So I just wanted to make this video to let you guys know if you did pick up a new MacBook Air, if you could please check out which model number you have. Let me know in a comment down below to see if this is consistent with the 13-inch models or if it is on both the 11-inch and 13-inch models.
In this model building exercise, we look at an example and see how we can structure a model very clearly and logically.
━━━
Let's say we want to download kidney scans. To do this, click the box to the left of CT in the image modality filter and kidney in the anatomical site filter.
━━━
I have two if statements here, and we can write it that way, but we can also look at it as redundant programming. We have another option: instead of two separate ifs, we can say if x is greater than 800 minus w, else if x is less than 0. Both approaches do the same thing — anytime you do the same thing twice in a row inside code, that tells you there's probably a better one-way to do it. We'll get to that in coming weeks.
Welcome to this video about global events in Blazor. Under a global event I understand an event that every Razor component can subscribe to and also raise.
━━━
Assigned task:
What lines in the data hold the word "that"? Return them.

Exercise answer:
I have two if statements here, and we can write it that way, but we can also look at it as redundant programming. We have another option: instead of two separate ifs, we can say if x is greater than 800 minus w, else if x is less than 0. Both approaches do the same thing — anytime you do the same thing twice in a row inside code, that tells you there's probably a better one-way to do it. We'll get to that in coming weeks.
Welcome to this video about global events in Blazor. Under a global event I understand an event that every Razor component can subscribe to and also raise.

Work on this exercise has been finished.